Que font, d'habitude, les jeunes femmes de vingt-deux ans ? Elles se marient, ont des enfants, un travail, une quotidienneté assez banale, en somme ! Rien de tel pour Angèle qui s'interroge picturalement sur le monde, sur le cosmos, sur la relation de l'Homme à ce monde, à ce cosmos, et à la façon dont tous ces éléments se conjuguent pour que chaque spectateur, la surprise passée, puisse laisser libre cours à ses émotions, son sens du merveilleux, de l'inattendu, face à ce développement composite, cette scénographie d'une sobriété exemplaire.

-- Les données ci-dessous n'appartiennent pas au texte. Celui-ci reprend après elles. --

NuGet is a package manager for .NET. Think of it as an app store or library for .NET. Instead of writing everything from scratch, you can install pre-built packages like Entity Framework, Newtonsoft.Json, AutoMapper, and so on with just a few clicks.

Car Angèle n'use de nul "effet", nulle surenchère : sur des murs noirs, elle déploie son parcours fait de "peintures cosmiques" sur fonds noirs, entrecroisées d'écrits poétiques qui véhiculent ses exhortations adressées à : elle-même ? au visiteur qui les lit et réagit subjectivement ? à la terre entière qui est concernée par les interrogations, mais aussi les remarques tour à tour enjouées, angoissées… de cette jeune artiste ?
Il peut sembler au visiteur évident d'avancer en suivant l'itinéraire circulaire prévu par Angèle. Mais, il peut aussi analyser -du moins tenter d'analyser- retracer selon son cœur, l'histoire, l'aventure qu'elle narre au cours de cet itinéraire ! Commencer, par exemple par son interrogation sur l'humain : "L'humain est aussi vaste que l'univers. Que connaissons-nous de l'univers ? Une toute minuscule, minuscule, minuscule partie. Alors, que sommes-nous ? Nous n'en savons… qu'une toute minuscule, minuscule, minuscule partie".
Partir avec elle dans un cosmos, dont l'œil -tel celui d'un cyclone- est le centre de l'inconnu (et subséquemment du tableau).
Découvrir au centre de ce magma, un embryon humain, affirmant "A chaque naissance, c'est la naissance de l'univers qui se reproduit à l'infini…".
Parvenir à un petit enfant nimbé d'une auréole bleue, confiant au soleil "les murmures de" (son) "âme". - Et toi, alors ?... Qu'est ce qui regarde à travers tes yeux à cet instant ? - A travers mes yeux ?... Je crois que ce sont des années lumières de questionnements, des années lumières d'existence.
Puis, sur fond de ciel mêlé de bruns et de noirs, évoquer un soleil parfaitement circulaire, sur le bord gauche duquel se dessine en filigrane minuscule l'embryon vu plus haut. Scander vers lui, une sorte d'hymne : "Entends, au creux de ton âme des soleils naissent, brûlent, et meurent. A chaque instant. A jamais. Et ceci, indépendamment des cycles du corps.
Est-ce l'enfant de tout à l'heure ? Un autre jouant "aux petits bateaux" ? Dans un ciel tout noir, où seul point un quartier de lune descendante, lire ce qu'elle proclame (pour le visiteur ? pour l'enfant étonnamment dehors la nuit ?) "Eh oui, je vous ai vu" ! Comme si le parcours d'Angèle passait par la transgression ?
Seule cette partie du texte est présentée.